__YOUR INSTRUCTIONS__.
Set down, exactly as written, the lines from the line holding "this 683×378 image." to the end of the data, inclusive, skipping any pictures.

START MATERIAL SHOWN

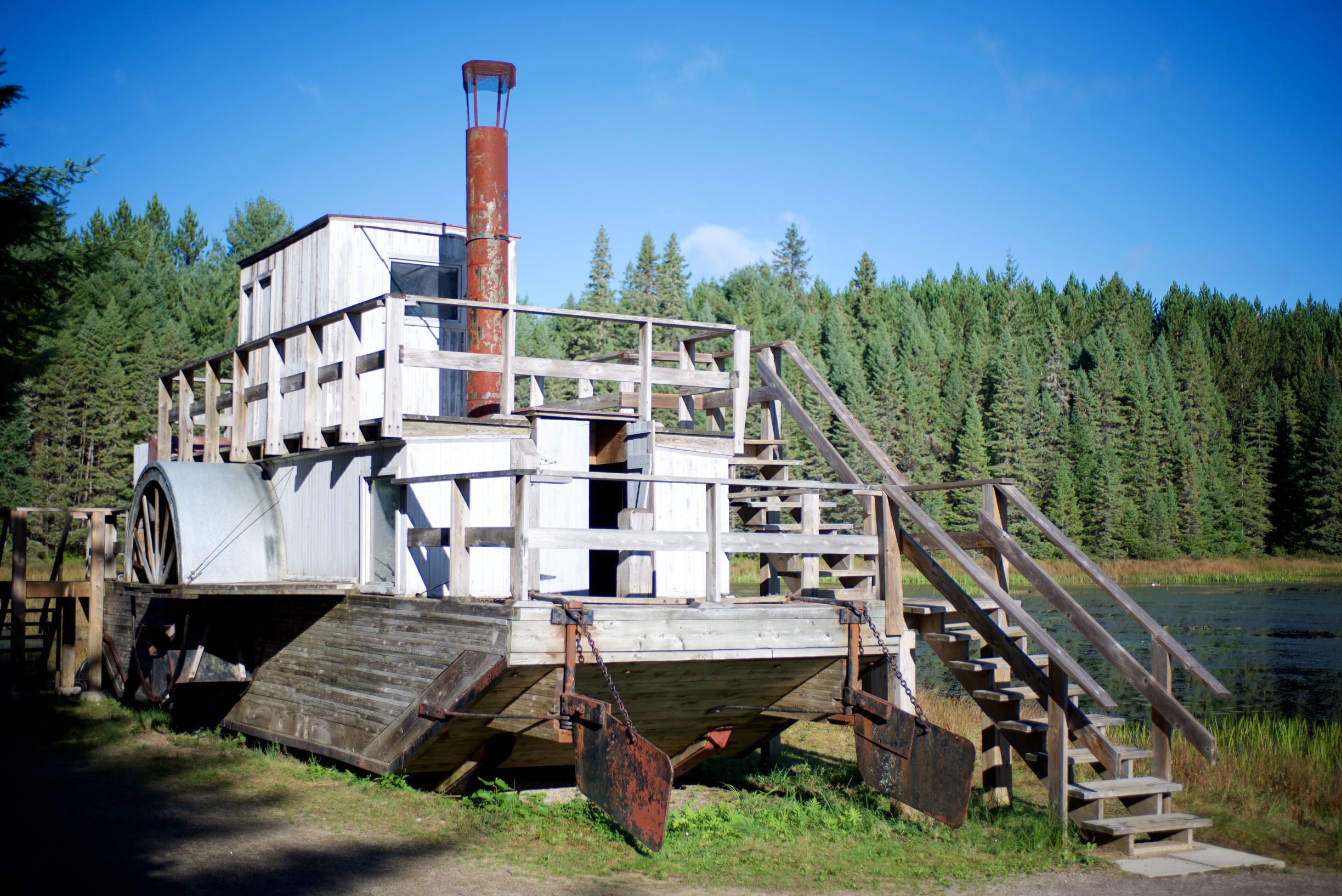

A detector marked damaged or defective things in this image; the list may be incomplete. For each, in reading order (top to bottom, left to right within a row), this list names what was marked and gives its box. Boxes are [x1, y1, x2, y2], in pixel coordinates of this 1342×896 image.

rusty smokestack [461, 59, 513, 417]
rusty chain [570, 610, 641, 737]
rusty chain [860, 605, 935, 733]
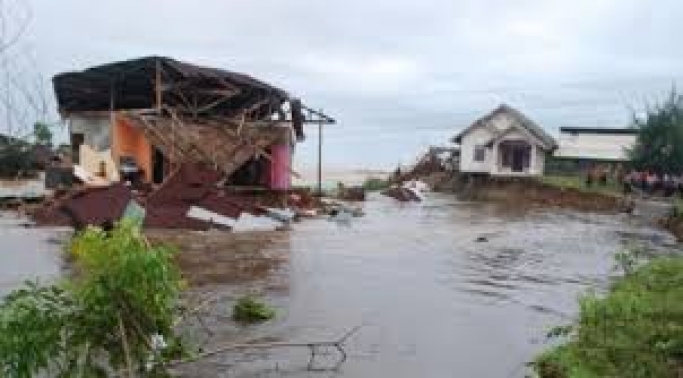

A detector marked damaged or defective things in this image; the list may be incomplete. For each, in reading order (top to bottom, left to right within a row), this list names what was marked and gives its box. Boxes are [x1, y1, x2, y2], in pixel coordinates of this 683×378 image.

damaged roof [51, 56, 292, 119]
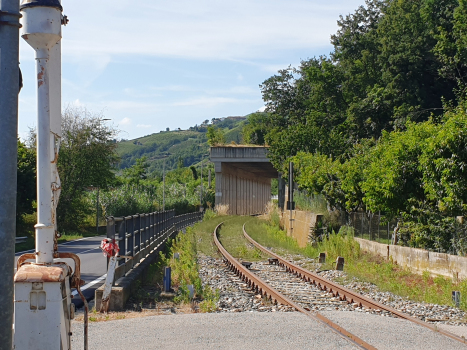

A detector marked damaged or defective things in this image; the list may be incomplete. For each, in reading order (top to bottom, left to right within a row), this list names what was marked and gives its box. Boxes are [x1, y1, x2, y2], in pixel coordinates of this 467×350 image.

rusty metal post [0, 0, 20, 346]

END MATERIAL SHOWN

__THE COMPLETED TASK__.
A detector marked damaged or defective things in this image; the list may be incomplete. For each, in reading order (top to bottom, left to right within a row), this list names what was marked and gives its box. Boxes are [x1, y1, x2, y2], in pixel coordinates of this 683×378 image.

damaged roof [51, 56, 292, 119]

A detector marked damaged or defective things in this image; the list may be incomplete. For each, in reading order (top to bottom, left to right within a row), this list names what was marked and gives its box. Boxes are [x1, y1, x2, y2], in pixel coordinates of this 467×350 image.

rusty metal post [0, 0, 20, 346]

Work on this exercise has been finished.